The CFO of India’s largest e-commerce company resigned in the middle of peak demand season

By Ananya Bhattacharya

Sanjay Baweja has called it quits with Flipkart.

The company’s chief financial officer (CFO) is slated to leave the e-commerce giant at the end of 2016, Flipkart said on Tuesday (Oct. 25). Baweja’s resignation comes in the middle of the peak festival season in India at a time when all stores—online and brick-and-mortar—are ramping up for high demand. A Flipkart spokesman said Dec. 31 would mark Baweja’s last day with the e-retailer.

The 56-year-old joined Flipkart in September 2014 after a nearly five-year stint as CFO of Tata Communications, part of India’s 148-year-old conglomerate, the Tata Group. His three decades of experience in finance spanned other traditional behemoths such as real estate developer Emaar MGF Limites, telecom giant Bharti Airtel, and Xerox ModiCorp, the Economic Times reported.

Many were surprised by Baweja’s decision to transition from established companies to a young startup founded by two former Amazon employees in their 30s. In his role, Baweja was expected to lead Flipkart to an eventual IPO. However, in May 2015, he said Flipkart was not ready to debut as a public company for at least two more years as it was not yet equipped to handle quarterly scrutiny.

The high-profile exit comes on the heels of a slew of other departures since Sachin Bansal stepped down as CEO and Binny Bansal took the reigns at the start of 2016. The very next month, in February, two executives resigned: the head of commerce and advertising business, Mukesh Bansal, and chief business officer Ankit Nagori. Then, in April, ex-Googler Punit Soni, who was Flipkart’s chief products officer for just over a year, and Manish Maheshwari, its head of seller and business ecosystem, both quit. By July, payment product head Lalit Sarna and product lead for marketplace division, Sunil Gopinath, also moved out.

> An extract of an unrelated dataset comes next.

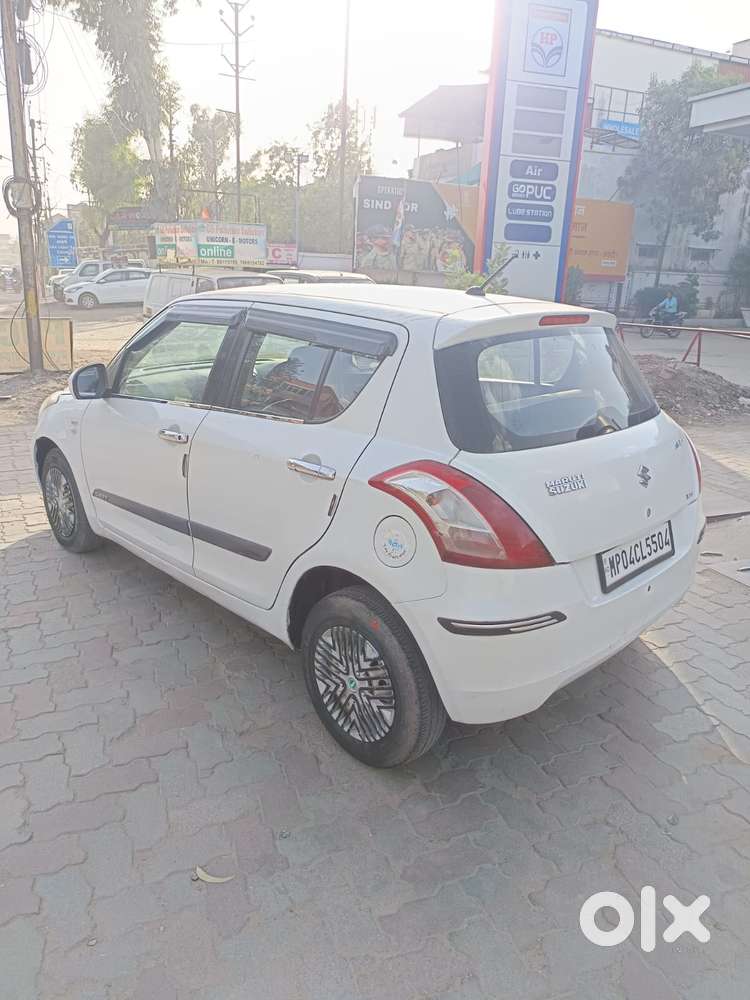 Maruti Suzuki Swift Vxi 1.2 Abs Bs-iv, 2013, Petrol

Once a clear leader in India’s e-commerce market, Flipkart is now struggling to keep its head above water amid growing competition. Despite remaining India’s largest online marketplace, the Bengaluru-based company has been devalued by several investors since January. Rival Amazon funneled $3 billion into its India efforts this June, adding to the $2 billion it announced in June 2014.  Amazon’s total investment in India will be higher than the total funds raised by Flipkart (around $3.2 billion) and Snapdeal (around $1.7 billion).

The homegrown e-retailer did triumph over Amazon by selling 15.5 million items during its Big Billion Day (BBD) sale on Oct. 02-06, but only marginally—Amazon India’s “Great Indian Festival Sale” on Oct. 01-05 sold 15 million. With more senior employees leaving, Flipkart is at the risk of slipping up anytime.